I shout to the younger one, instructing him to face the waves so at least he can see them coming. He doesn’t hear above their roar. I run down to where the three of them stand laughing, instructing the weaves to stop at their feet which miraculously they seem to, so regularly the children become convinced they are possessed of messianic powers and the sea here is not the sea at home. It is fuller here. The tide strange, curling along the beach. I am used to bays. To grey seas. To sand, not shingle. I am also used to walking along the beach on wet days and sunny days and fierce days and all the days in between as I realise my children will now be too. So long, since they last saw the sea when we lived in London. The sea, the only thing my family has in common on both sides. Everything else, half; half Scottish, half South African, half Christian, half Jewish. How are you meant to feel whole with a legacy like that? The sea, the uniting factor. My father, on South Africa’s east coast, and my mother, living on a Scottish island measuring ten miles by two.
I am writing about this island now, although I hated it for years, having seen it at the worst time of years, surrounded by mist and filled only with damp. Leave a place and it’s suddenly all you’re able to write about. These places, they teach us things. This isolation showed me how big the world was. The sea exposing horizons; over it, somewhere else. This island, John McPhee also wrote about. His writing is so good, it has made me scared to write about it. Next year I will return to visit it and maybe I will still hate it, but maybe I will not. I remember its sandy beaches, white as any you’ll find elsewhere, the blue of the sea warmed by the gulf stream and the elation of learning to swim. I remember the causeway between the two islands, Colonsay and Oransay and the car almost being stuck there, and the way this disrupted scale, Colonsay suddenly acquiring the status of mainland. An island dwelling friend pointed out earlier this year that when you live on an island, everywhere else is The Mainland.

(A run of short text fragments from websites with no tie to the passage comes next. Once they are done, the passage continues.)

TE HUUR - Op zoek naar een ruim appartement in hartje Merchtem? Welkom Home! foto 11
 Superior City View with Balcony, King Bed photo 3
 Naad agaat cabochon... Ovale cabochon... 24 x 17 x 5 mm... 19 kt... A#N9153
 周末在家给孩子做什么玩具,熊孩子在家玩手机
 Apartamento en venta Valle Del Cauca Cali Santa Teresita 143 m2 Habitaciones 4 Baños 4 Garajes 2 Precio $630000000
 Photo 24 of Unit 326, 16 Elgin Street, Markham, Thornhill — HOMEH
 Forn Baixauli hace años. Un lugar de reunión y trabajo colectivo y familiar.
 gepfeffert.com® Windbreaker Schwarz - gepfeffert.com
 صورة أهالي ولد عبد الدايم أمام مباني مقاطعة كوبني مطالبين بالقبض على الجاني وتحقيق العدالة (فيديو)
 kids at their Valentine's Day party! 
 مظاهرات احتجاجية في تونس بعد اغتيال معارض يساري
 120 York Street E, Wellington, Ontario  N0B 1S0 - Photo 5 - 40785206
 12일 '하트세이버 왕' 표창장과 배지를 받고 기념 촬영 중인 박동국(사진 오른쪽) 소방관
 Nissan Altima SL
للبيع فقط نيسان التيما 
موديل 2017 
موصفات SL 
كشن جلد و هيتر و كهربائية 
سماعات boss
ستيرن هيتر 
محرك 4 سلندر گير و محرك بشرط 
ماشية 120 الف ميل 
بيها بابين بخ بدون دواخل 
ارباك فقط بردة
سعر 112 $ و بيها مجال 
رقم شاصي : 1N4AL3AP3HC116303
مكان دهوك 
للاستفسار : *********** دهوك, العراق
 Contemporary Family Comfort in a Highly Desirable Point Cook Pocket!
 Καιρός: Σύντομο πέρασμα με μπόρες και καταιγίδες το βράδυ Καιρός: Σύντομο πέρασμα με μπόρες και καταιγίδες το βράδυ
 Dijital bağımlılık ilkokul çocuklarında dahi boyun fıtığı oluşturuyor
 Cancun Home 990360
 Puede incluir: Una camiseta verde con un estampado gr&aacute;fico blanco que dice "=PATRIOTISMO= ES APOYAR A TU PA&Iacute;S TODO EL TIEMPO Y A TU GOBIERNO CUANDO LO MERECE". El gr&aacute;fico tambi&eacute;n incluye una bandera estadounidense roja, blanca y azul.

England, US, Finland, South Africa; all is elsewhere; The Island, the centre of the known world, The Mainland, the outsider. I like playing with this idea.
What it must be like to be a baby surrounded only by sea, I do not know. What it must be like for this to be the bounds of your known world until you are three, I do not know. This is why I am now imagining it, in part another way of returning to my mother. I am a tyrant in this way, even when I am not writing directly about her, she is there. She left the island when she was three and a half as she used to say and maybe still does, recalling the fact of her third birthday in the sand dunes which I would say surely she can’t remember but I remember three and who am I to say she cannot, must not remember this celebration. I am not sure she ever recovered from leaving. She has been making an island of herself ever since.
(I missed yesterday, because an insistent child borrowed my laptop and typing on my phone was beyond my tired little mind. Scabbled to make it today, but just did. This is really much harder than it looks, but also really good discipline.)
My favourite one yet, Ali. Keep going.
"They are not gentle children. They are not often quiet. They require long walks, much running around, lengthy conversations to answer all their questions..."
My children are like this too, haha.